But also consider the residents of Clarkston apartments. Many of them come from uncertain political climates, many of them are refugees who have been resettled here due to the simple fact that they will not be likely to return home any time in the near future. They are poor. They are hungry. And here come two pastors, a Kenyan and a Somali, showing up with bags of free bread and a simple word about Christ's love. For these folks, the story of Hagar rings true not only in a spiritual sense of doubt and fear, but in a primal, physical sense of despair, of desperation, of hunger, of thirst. And in the wilderness of Clarkston, so far from what they know as home, God has heard their cries and has brought them the possibility of a new future and of new relationships.
Are we so bold? Do we believe that we might be audacious enough to raise our voices in prayer, to speak with God and to listen to God's nudge? What is your prayer? What are your hopes, your desires? What is it that you fear? What gives you anxiety? What are the changes that face you right now, the uncertainties, the ways that you are leaving behind a home you knew for an unknown place, whether that be literal or symbolic?
What are your prayers for OPC? Do we pray for growth, for baptism, for pews to be full that others might be able to experience what it is that brings us here each and every Sunday? Would we be so bold as to pray for something as seemingly crass as money, that we could meet budget and pay for all of these ministries to which we are convinced God is calling us? Will our cries mean that God will simply open our eyes so that we can see the deep wells that are right there in front of us?
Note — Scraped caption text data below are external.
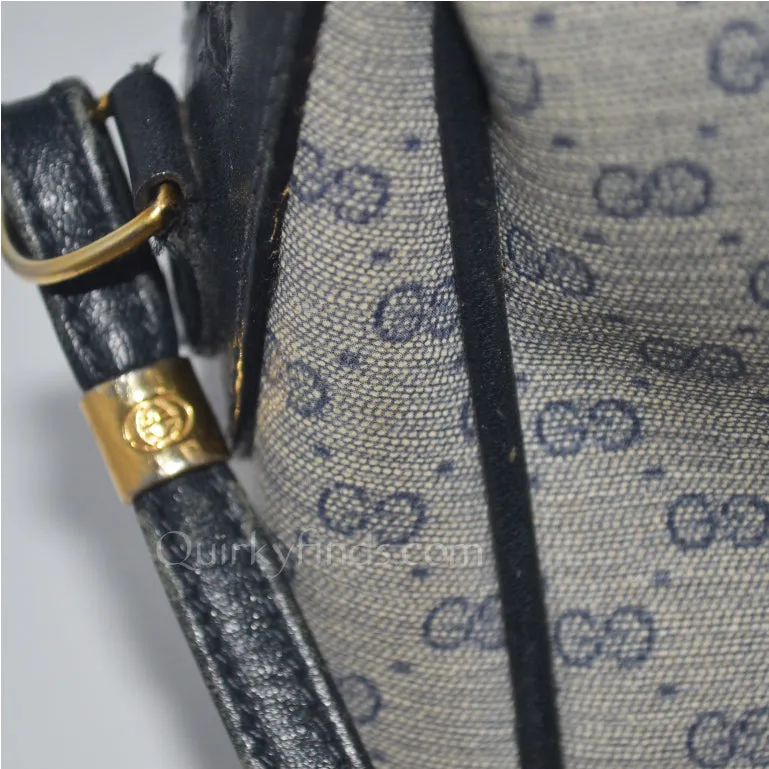 Classic Gucci Blue Monogrammed GG Shoulder Purse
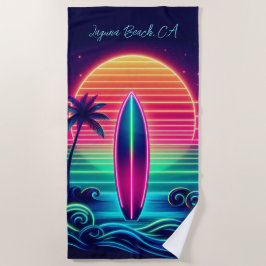 Toalla De Playa Surfing the Neon Sunset-
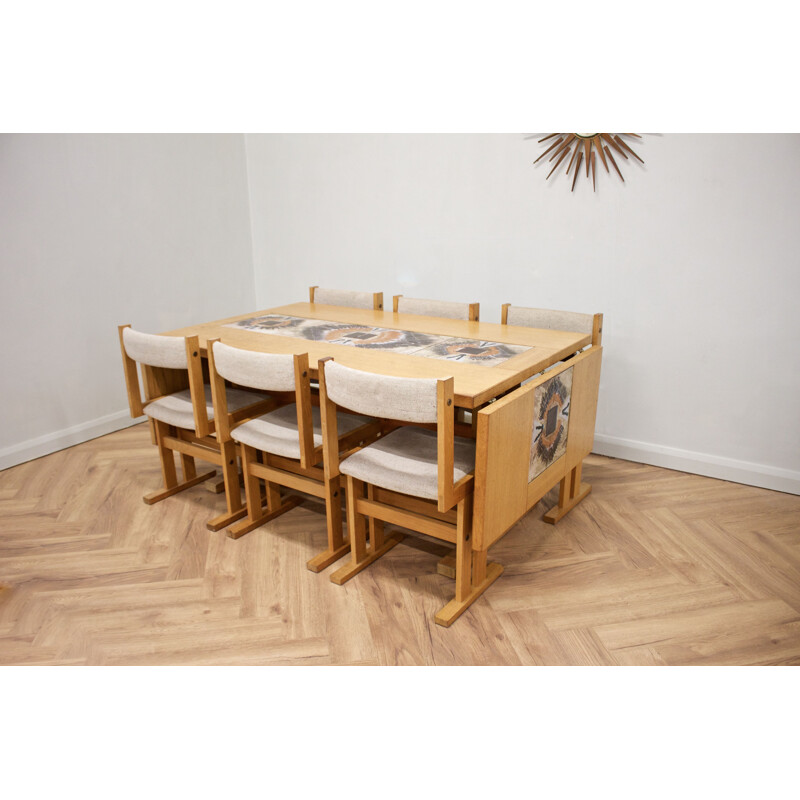 Mid-century Danish teak tiled dining set by Gangso Mobler, 1970s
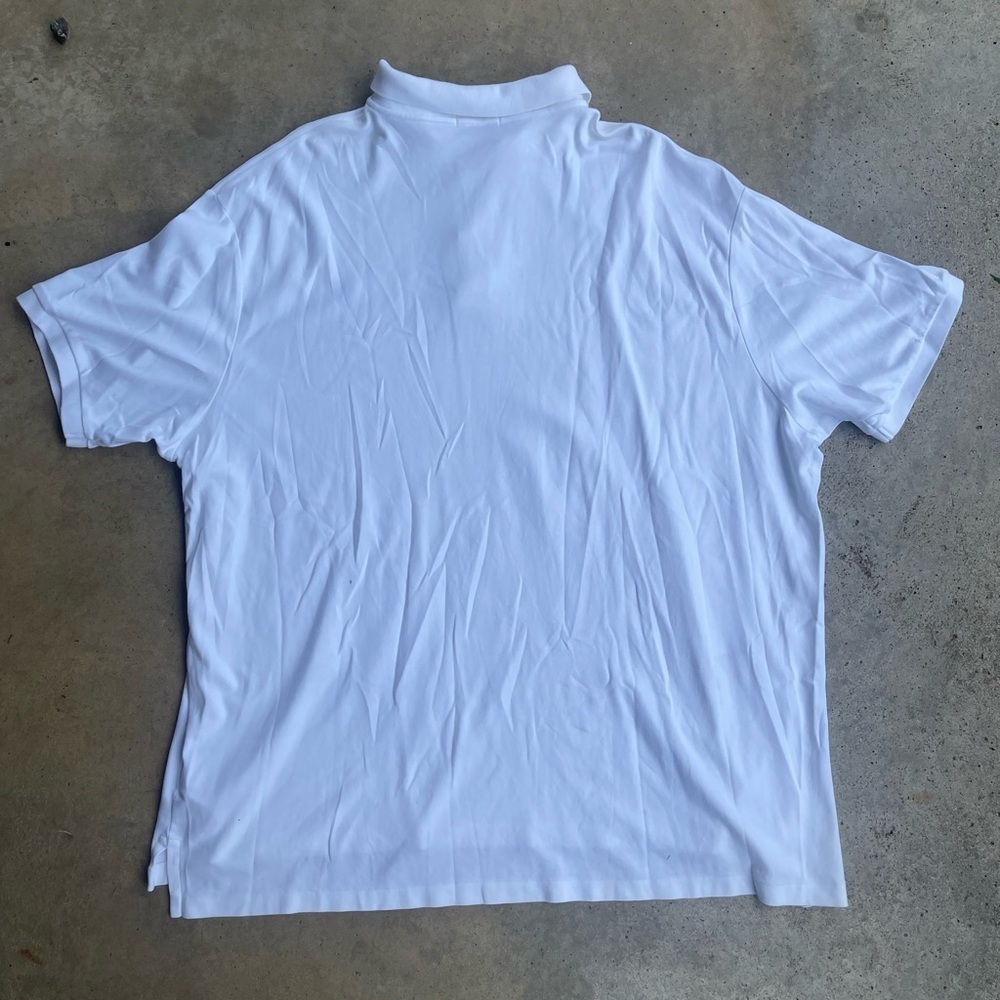 Ralph Lauren Polo Shirt Mens 4XB 4TG White Blue Pony Cotton Classic Fit - Picture 2 of 6
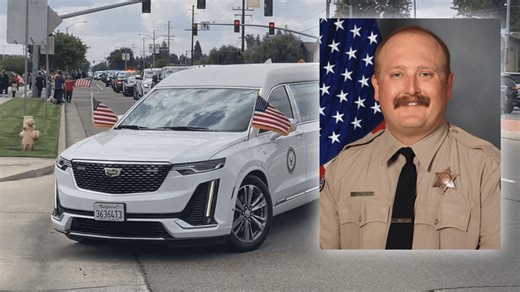 Procession escorts fallen TCSO Deputy Randy Hoppert from Tulare to Visalia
What about our community? When we drive past empty houses, new construction, empty lots, do we dare to stop for a moment, or even to pray briefly that these folks would come to know that close relationship that God desires for each of us, that they would come through our doors - and not just ours, but the doors of communities where God is proclaimed and hope is known and eyes and hearts are opened?
Do we pray for our world, that wars would end, that the hungry be fed, that justice and mercy rule the day?
Do we dare? And what will we do when God answers?